(Stored data entries)
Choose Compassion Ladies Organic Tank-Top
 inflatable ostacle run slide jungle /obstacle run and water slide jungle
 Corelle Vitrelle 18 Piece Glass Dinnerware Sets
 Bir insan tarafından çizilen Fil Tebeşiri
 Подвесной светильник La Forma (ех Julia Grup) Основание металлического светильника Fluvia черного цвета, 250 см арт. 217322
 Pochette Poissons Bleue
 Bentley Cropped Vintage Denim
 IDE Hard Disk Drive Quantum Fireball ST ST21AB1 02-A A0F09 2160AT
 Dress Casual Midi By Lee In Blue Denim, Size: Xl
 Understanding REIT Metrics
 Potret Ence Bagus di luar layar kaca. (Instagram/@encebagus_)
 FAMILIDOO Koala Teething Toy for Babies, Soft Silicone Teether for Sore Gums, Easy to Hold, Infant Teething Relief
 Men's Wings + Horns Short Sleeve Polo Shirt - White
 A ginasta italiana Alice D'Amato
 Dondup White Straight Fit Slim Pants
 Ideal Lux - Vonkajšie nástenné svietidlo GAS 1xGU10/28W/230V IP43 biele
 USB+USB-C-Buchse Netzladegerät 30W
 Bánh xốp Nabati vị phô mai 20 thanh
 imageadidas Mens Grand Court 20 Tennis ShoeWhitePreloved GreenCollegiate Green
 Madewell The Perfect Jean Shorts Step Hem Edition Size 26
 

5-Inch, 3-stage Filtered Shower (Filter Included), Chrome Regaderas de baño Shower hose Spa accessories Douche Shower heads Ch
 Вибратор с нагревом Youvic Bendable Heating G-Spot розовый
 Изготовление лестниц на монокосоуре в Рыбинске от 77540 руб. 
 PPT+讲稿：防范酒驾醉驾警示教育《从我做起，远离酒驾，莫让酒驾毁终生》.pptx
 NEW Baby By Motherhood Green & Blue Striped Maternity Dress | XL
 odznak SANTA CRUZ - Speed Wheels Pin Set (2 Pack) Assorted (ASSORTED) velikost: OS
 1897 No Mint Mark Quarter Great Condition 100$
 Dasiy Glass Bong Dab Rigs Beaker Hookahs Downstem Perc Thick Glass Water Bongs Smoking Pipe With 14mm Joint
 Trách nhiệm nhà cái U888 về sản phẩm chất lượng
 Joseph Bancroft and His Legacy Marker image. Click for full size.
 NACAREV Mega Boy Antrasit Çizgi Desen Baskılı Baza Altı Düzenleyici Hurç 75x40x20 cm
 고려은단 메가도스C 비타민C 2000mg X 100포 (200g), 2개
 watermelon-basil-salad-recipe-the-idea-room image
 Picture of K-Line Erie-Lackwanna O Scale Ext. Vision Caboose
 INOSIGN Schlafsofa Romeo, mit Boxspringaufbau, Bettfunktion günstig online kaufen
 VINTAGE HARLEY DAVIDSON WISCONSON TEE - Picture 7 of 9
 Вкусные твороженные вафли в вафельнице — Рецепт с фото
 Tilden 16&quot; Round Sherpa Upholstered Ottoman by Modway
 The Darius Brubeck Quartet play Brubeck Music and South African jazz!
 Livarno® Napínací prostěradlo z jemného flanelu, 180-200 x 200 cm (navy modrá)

**TASK GOAL**
Please make an exact copy of the lines above from the line with "A ginasta italiana Alice D'Amato" through the line with "Изготовление лестниц на", both ends included.

**WORKED SOLUTION**
 A ginasta italiana Alice D'Amato
 Dondup White Straight Fit Slim Pants
 Ideal Lux - Vonkajšie nástenné svietidlo GAS 1xGU10/28W/230V IP43 biele
 USB+USB-C-Buchse Netzladegerät 30W
 Bánh xốp Nabati vị phô mai 20 thanh
 imageadidas Mens Grand Court 20 Tennis ShoeWhitePreloved GreenCollegiate Green
 Madewell The Perfect Jean Shorts Step Hem Edition Size 26
 

5-Inch, 3-stage Filtered Shower (Filter Included), Chrome Regaderas de baño Shower hose Spa accessories Douche Shower heads Ch
 Вибратор с нагревом Youvic Bendable Heating G-Spot розовый
 Изготовление лестниц на монокосоуре в Рыбинске от 77540 руб. 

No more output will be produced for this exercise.